**Problem:**
The answer should hold only the lines from the one containing "mini business card" through the one containing "Joyeux Grinchmas - Coussin" in the entries below, copied exactly, without pictures.

**Dataset:**
-- Opening Marker --
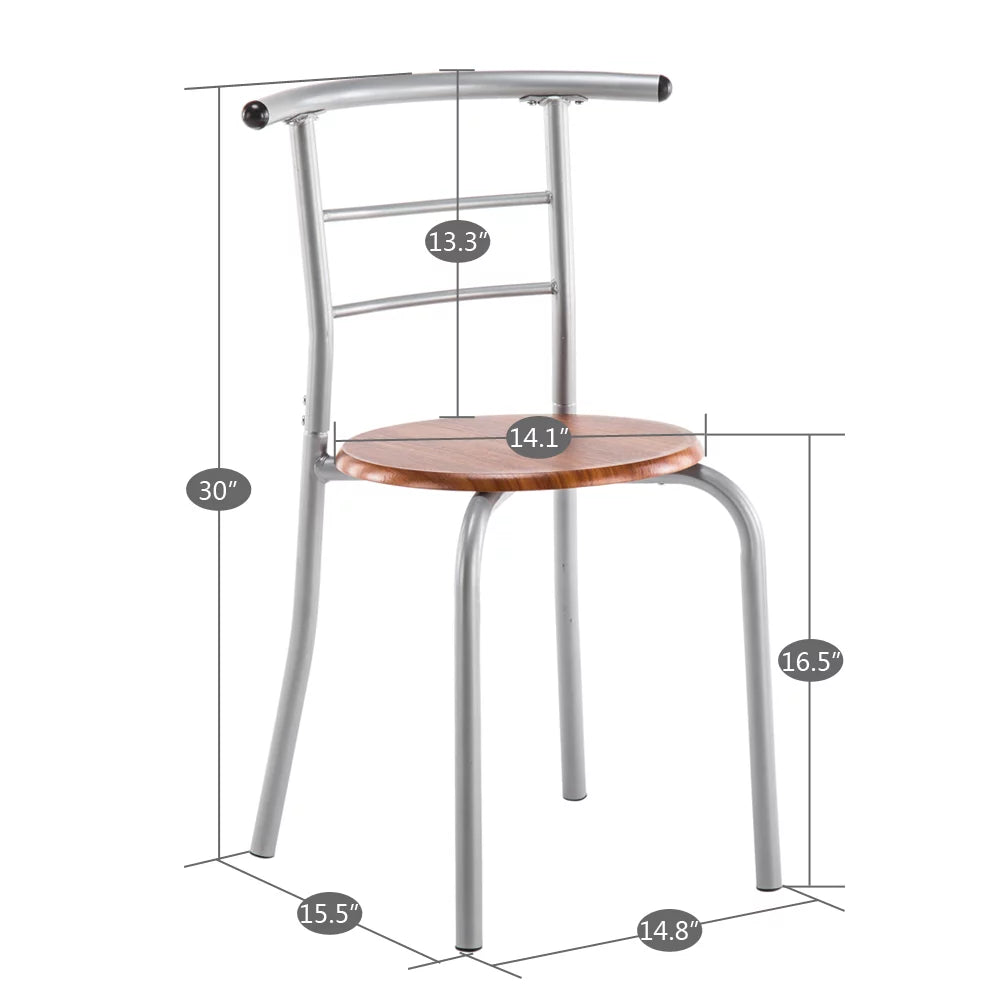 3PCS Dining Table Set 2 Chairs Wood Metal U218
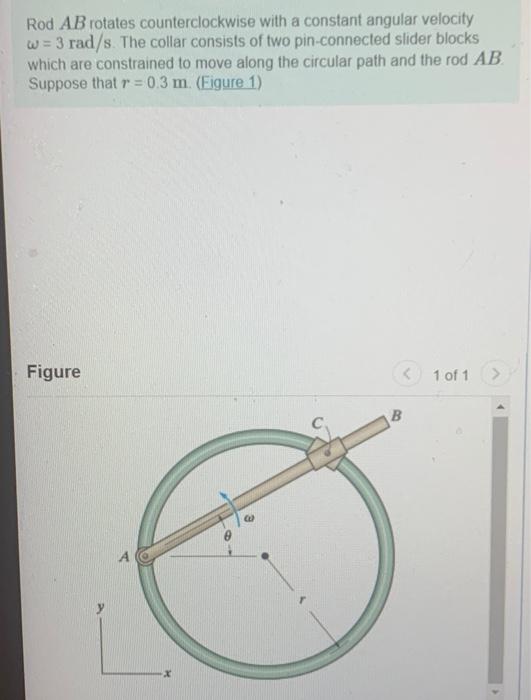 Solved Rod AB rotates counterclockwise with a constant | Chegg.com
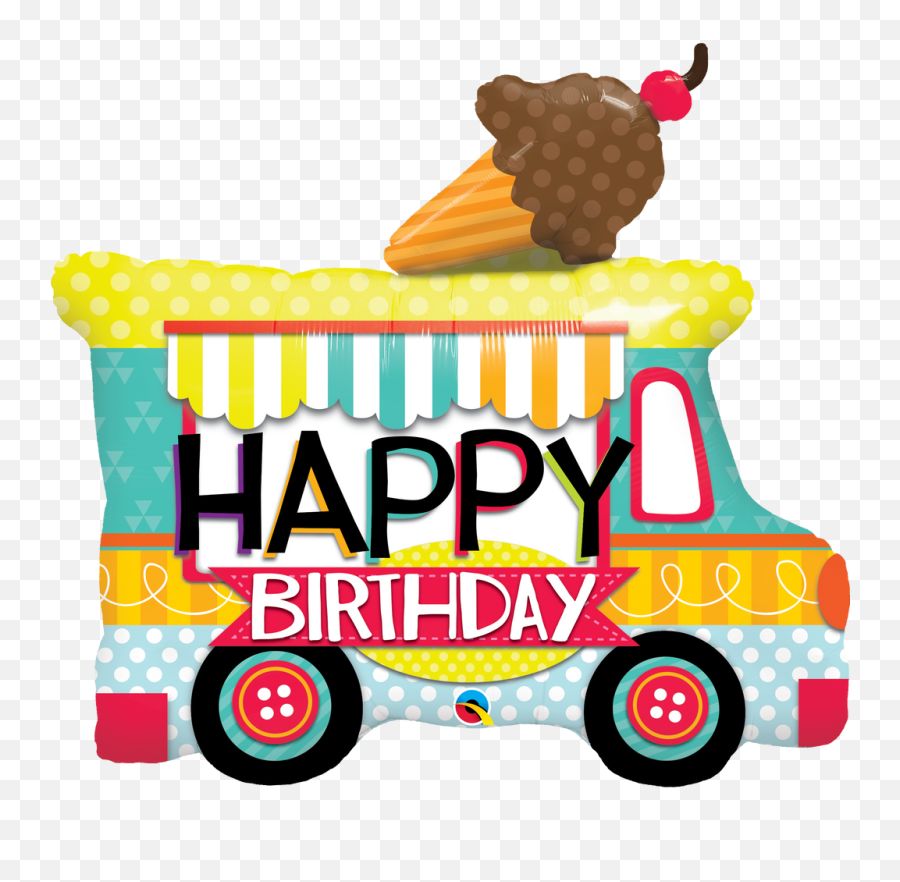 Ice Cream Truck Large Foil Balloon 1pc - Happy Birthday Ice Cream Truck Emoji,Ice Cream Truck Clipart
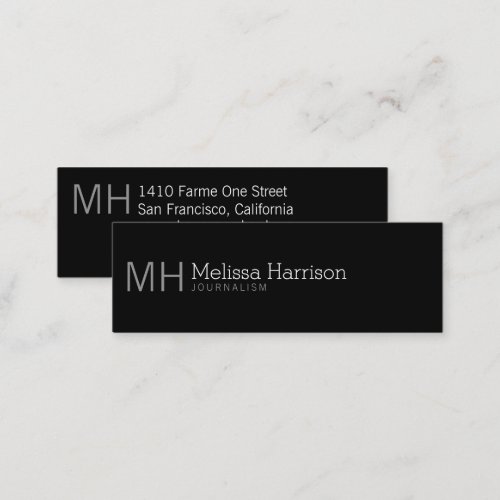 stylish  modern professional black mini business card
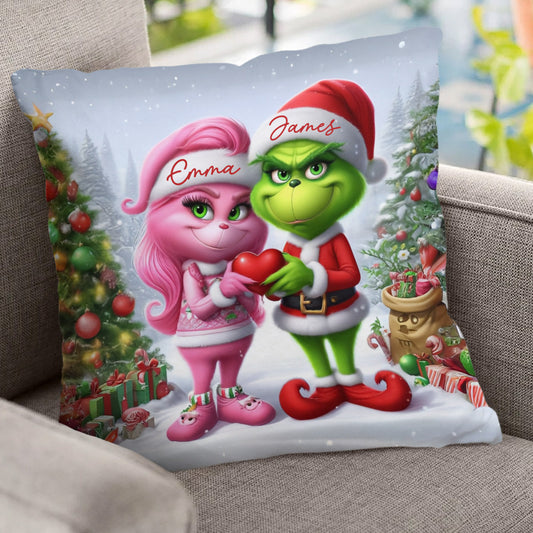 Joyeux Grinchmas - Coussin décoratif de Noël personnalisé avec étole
-- Closing Marker --
-- Opening Marker --
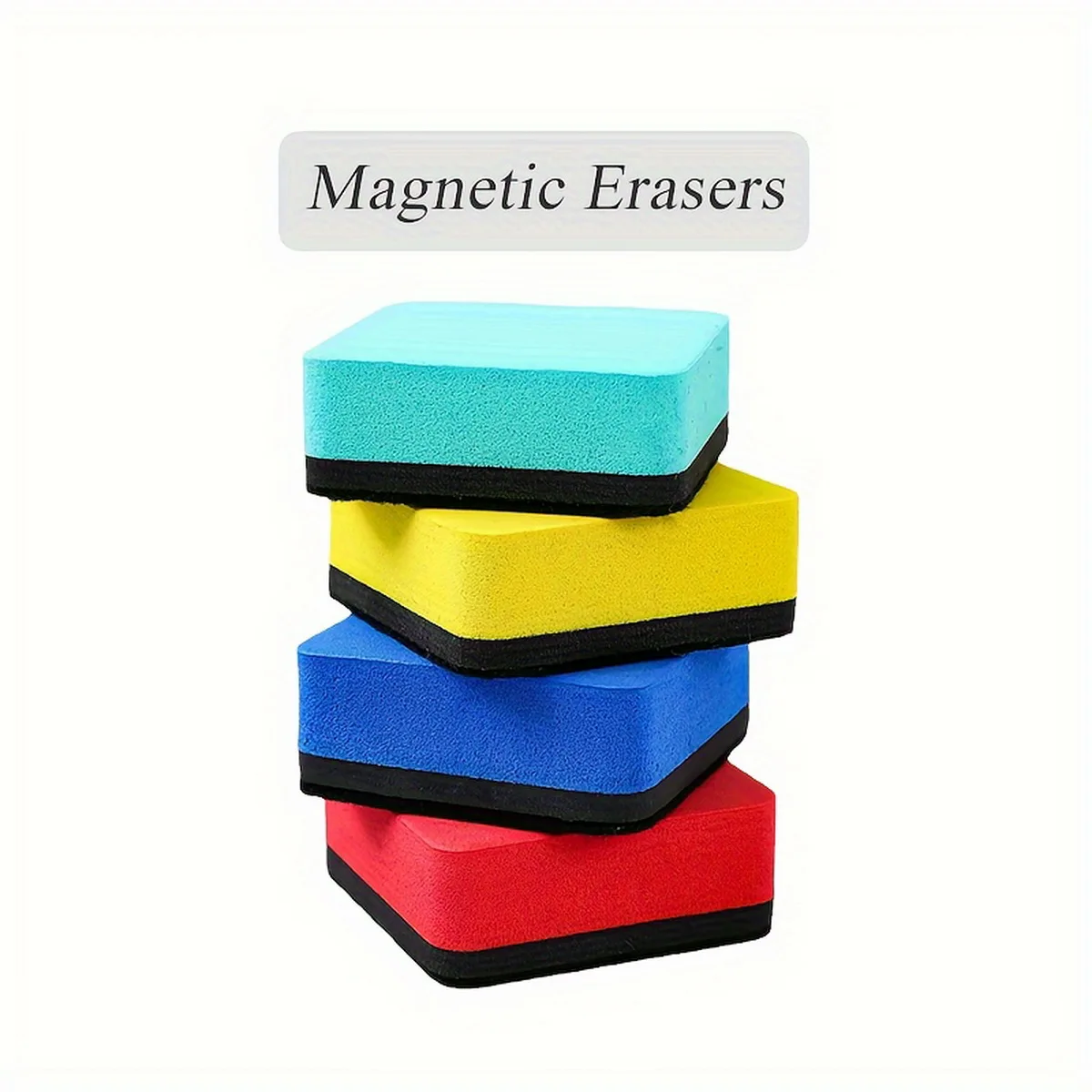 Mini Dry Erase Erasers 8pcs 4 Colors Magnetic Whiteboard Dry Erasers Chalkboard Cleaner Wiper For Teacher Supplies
-- Closing Marker --
**Result below:**
 stylish  modern professional black mini business card
 Joyeux Grinchmas - Coussin décoratif de Noël personnalisé avec étole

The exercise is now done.